**** RECORD EXTRACTS

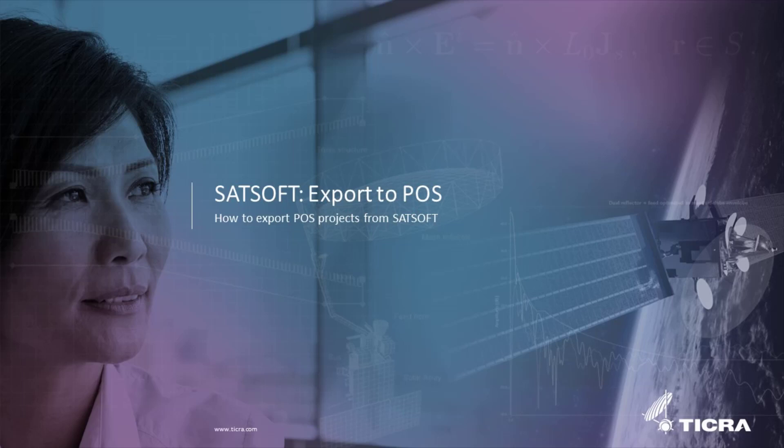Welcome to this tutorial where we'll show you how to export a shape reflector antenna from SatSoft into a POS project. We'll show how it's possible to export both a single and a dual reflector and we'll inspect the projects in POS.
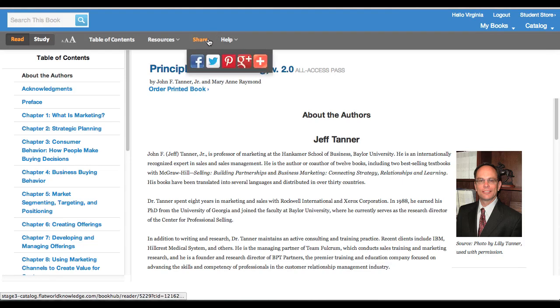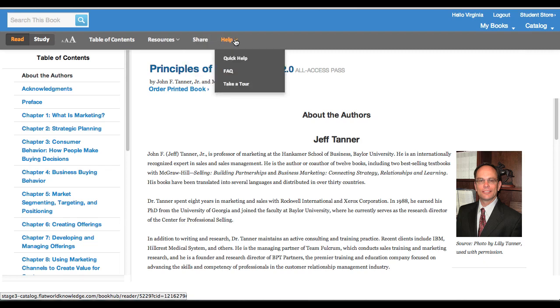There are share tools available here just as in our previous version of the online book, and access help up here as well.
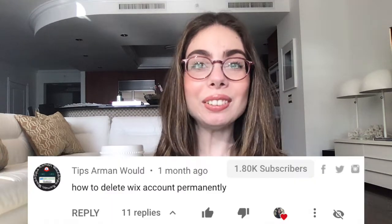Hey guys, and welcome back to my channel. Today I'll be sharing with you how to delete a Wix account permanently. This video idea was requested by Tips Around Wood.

********
**** RECORD EXTRACTS

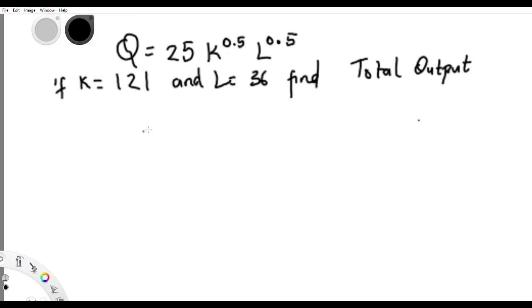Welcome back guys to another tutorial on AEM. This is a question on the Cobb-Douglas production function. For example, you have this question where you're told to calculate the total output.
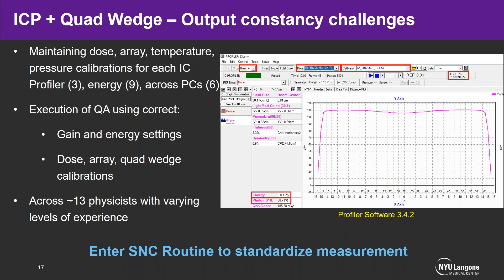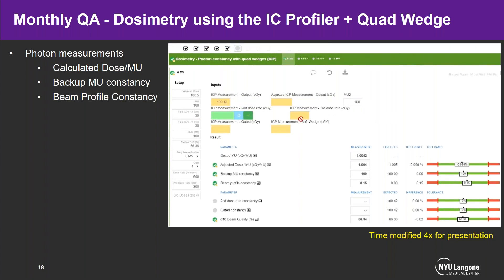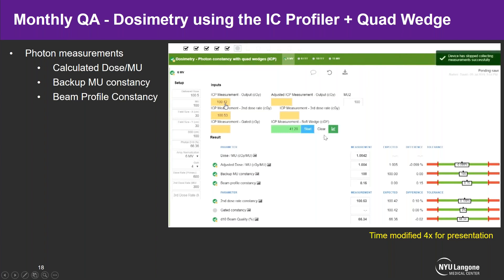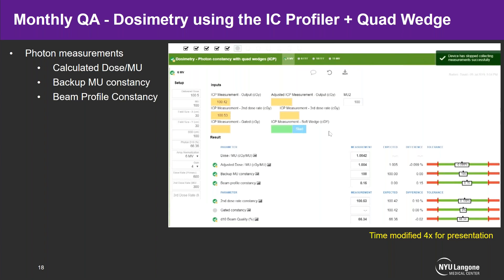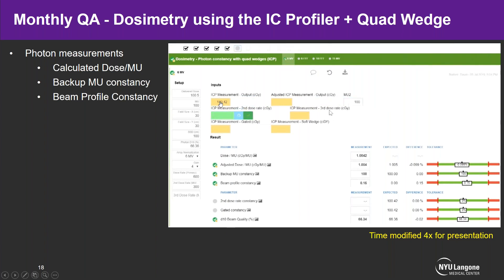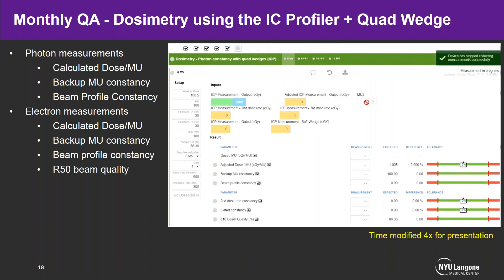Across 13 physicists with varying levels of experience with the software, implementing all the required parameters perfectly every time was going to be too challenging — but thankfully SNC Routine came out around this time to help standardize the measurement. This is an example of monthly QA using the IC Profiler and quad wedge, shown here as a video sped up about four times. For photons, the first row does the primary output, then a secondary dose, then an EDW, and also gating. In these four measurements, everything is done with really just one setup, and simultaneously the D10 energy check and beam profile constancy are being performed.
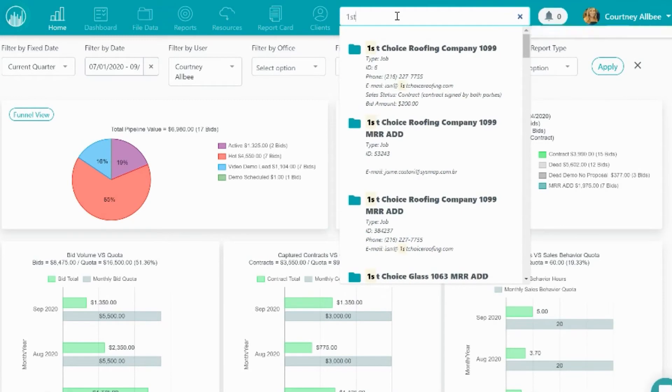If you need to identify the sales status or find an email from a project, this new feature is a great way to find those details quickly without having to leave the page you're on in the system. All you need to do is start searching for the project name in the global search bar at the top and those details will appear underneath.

********
**** RECORD EXTRACTS

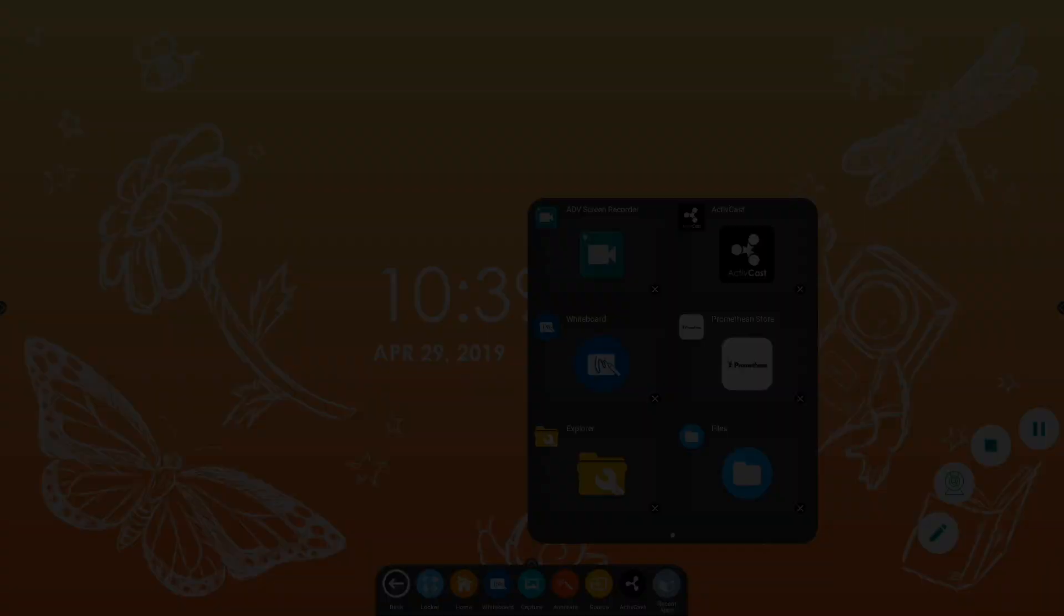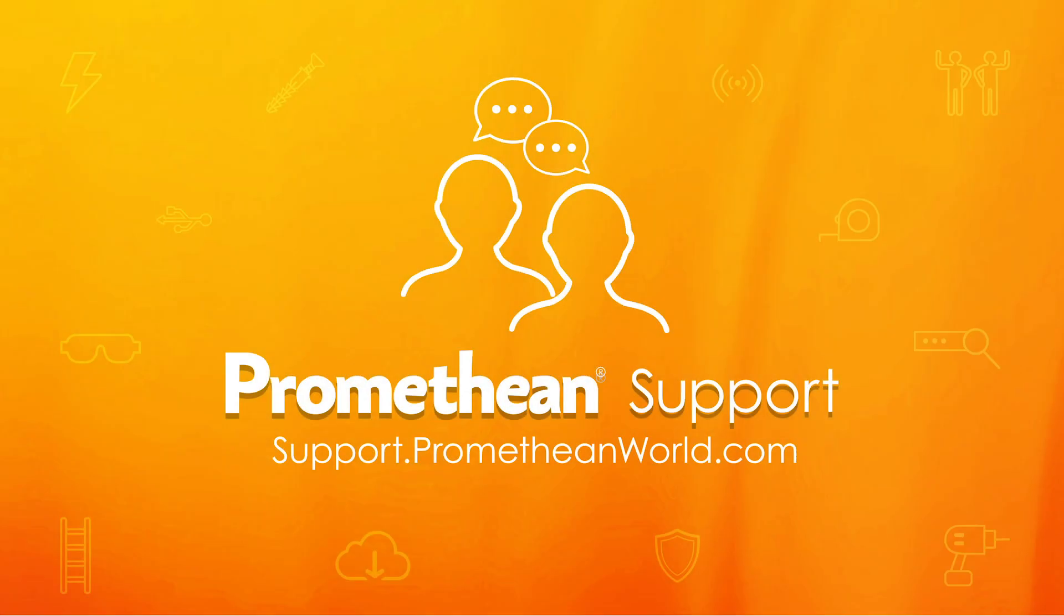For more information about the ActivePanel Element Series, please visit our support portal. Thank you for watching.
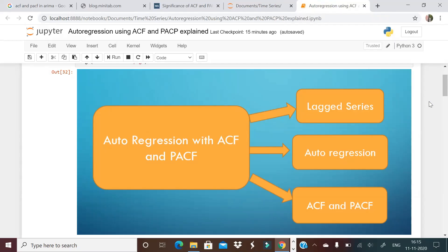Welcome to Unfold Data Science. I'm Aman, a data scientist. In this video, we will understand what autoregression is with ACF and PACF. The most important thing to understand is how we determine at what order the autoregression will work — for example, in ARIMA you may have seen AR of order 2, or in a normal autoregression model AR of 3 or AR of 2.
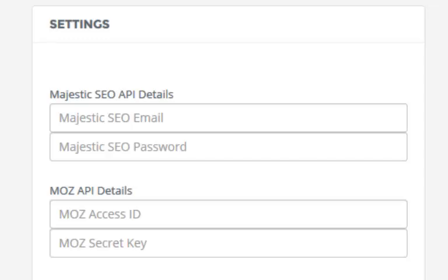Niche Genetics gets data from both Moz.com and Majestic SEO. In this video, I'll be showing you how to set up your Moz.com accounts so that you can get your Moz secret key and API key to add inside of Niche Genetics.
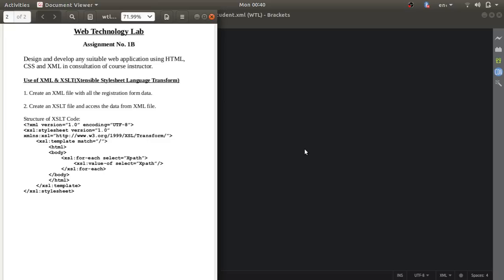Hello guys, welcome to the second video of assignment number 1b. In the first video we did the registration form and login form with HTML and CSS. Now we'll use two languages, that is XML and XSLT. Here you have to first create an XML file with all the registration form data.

********

- YOUR GOAL -
Please repeat, exactly as written, the lines in the records above, starting with the one that has "Across 13 physicists" and going on through the one that has "If you need". Pictures are to be left out.

- WRITTEN RESPONSE -
Across 13 physicists with varying levels of experience with the software, implementing all the required parameters perfectly every time was going to be too challenging — but thankfully SNC Routine came out around this time to help standardize the measurement. This is an example of monthly QA using the IC Profiler and quad wedge, shown here as a video sped up about four times. For photons, the first row does the primary output, then a secondary dose, then an EDW, and also gating. In these four measurements, everything is done with really just one setup, and simultaneously the D10 energy check and beam profile constancy are being performed.
If you need to identify the sales status or find an email from a project, this new feature is a great way to find those details quickly without having to leave the page you're on in the system. All you need to do is start searching for the project name in the global search bar at the top and those details will appear underneath.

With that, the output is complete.